Sometime in 1962 as Jim and I were returning home from a camping trip, we stopped to watch and talk to some loggers. We learned that the loggers were required to haul out big, partly rotten logs (cull logs) at their own expense and were not getting paid for them at the mill. Bear in mind, this was a depressed economic time history, so even at the best; it was not a job to get rich at.
Due to that encounter, the idea of a portable sawmill was born. One light and portable enough to be taken into the woods and manufacture lumber on the site, leaving the rotten parts of the log. A truck capable of hauling 4,000 board foot of logs (scaled down and perhaps only partly saleable) was able to haul 11,000 board foot of lumber, making a profitable payload, the hauled lumber pieces all had a value.
Through the ensuing years, many false starts were begun, many models and experiments, chain saw bars, circular saw blades, Onan engines, Briggs and Stratton engines, and even 2 engines at a time and finally ending up with what it basically is at this time, a VW engine and 3 circular saw blades.

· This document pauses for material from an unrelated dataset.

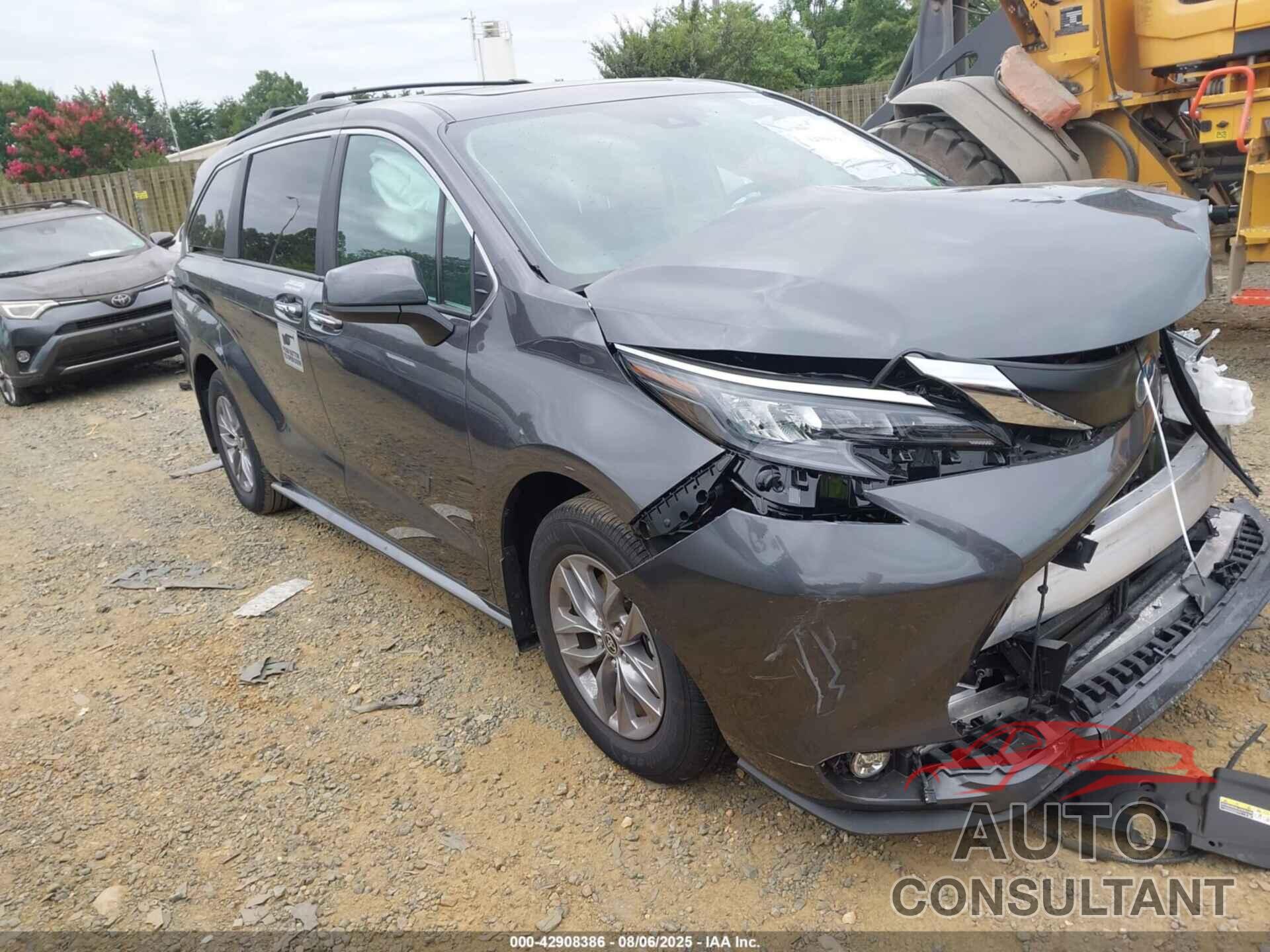 TOYOTA SIENNA 2025 - 5TDJRKEC8SS262650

We erred in judgement, were discouraged and disgusted and made enough unproductive decisions about ways to get it manufactured and put it on the market. We licensed a company to make it, but it was a very discouraging two years.
Finally in January of 1966 we decided to act on that old axiom, "if you want a thing well done, do it yourself". Acting upon that decision, we rented an old building, bought, begged and borrowed machinery and started manufacturing portable sawmills. Needless to say, we worked many long hours and squeezed each dime until we could make people aware of the potential capabilities of the sawmills. Since the start, the mobile sawmill has been used around the world and has proven to be one of the best inventions.